The Marsha P. Johnson Institute
An organization that protects and defends the rights of Black transgender people. They organize, adovate, create an interntional community to heal, develop transformative leadership, and promote collective power amongst the Black transgender community.
GLITs Inc.
An organization that supports transgender sex workers through harm reduction, human rights principles, economic and social justice, and a commitment to empowerment and pride in finding solutions within the community. Their focus is health care and crisis support for transgender sex workers.

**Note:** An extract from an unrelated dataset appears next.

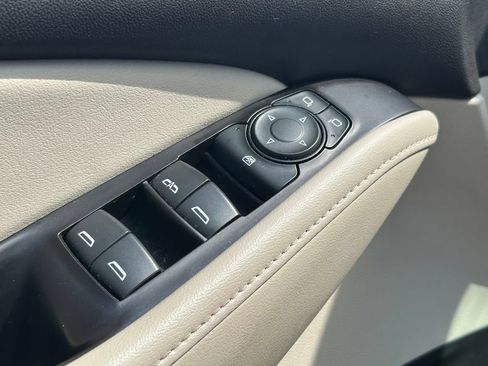 Used 2020 Buick Enclave Essence w/ Sound and Sites Package FWD image 22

Trans Justice Funding Project
A community led funding initiative to support grassroots, trans justice groups run by and for trans people in the United states. Provides grants annually.
Black Trans Futures
An organization dedicated to creating a diverse and vibrant community through the support of LGBTQ+ art and artists across generations and disciplines.
Trans Resistance Network
From their website: “The Trans Resistance Network (TRN) was formed to ensure the survival of gender diverse people and families through strategic coordination of community defense, mutual-aid, and alternative systems of gender affirming care. We prioritize support for gender diverse children and families who are facing imminent danger, and gender diverse people who are Indigenous, Black and Brown. Trans rights are human rights!“
Trans Radical Activist Network
From their website: “At Trans Radical Activist Network (TRAN), we are movement builders. Our sole purpose for existing is trans liberation. In order to achieve this aim, we take control of our narrative, advocate for policies that protect the rights of trans/non-binary/gender non-conforming people, facilitate mutual support, and educate ourselves in fostering healthy, sustainable communities. We fight all “isms’“of the world that are designed to restrict the rights of the marginalized groups. We transcend all boundaries. We are Trans Radical Activist Network!”
LGBTQ Victory Fund
From their website: “We provide campaign, fundraising and communications support to LGBTQ candidates to increase the number of openly LGBTQ elected officials – because representation is power. When LGBTQ elected leaders are in the room, they humanize our lives, impact policy and legislative debates and influence straight lawmaker colleagues to vote in favor of equality. LGBTQ elected officials are our best defense against anti-LGBTQ efforts at all levels of government, and are best positioned to advance equality for our community.”
Trans Justice Funding Project
From their website: “The Trans Justice Funding Project is a community-led funding initiative founded in 2012 to support grassroots, trans justice groups run by and for trans people in the United States, including U.S. territories.
We make grants annually by bringing together a panel of six trans justice activists from around the country to carefully review every application we receive. We center the leadership of trans people organizing around their experiences with racism, economic injustice, transmisogyny, ableism, immigration, incarceration, and other intersecting oppressions.
Every penny we raise goes to our grantees with no restrictions and no strings attached because we truly believe in trans leadership.”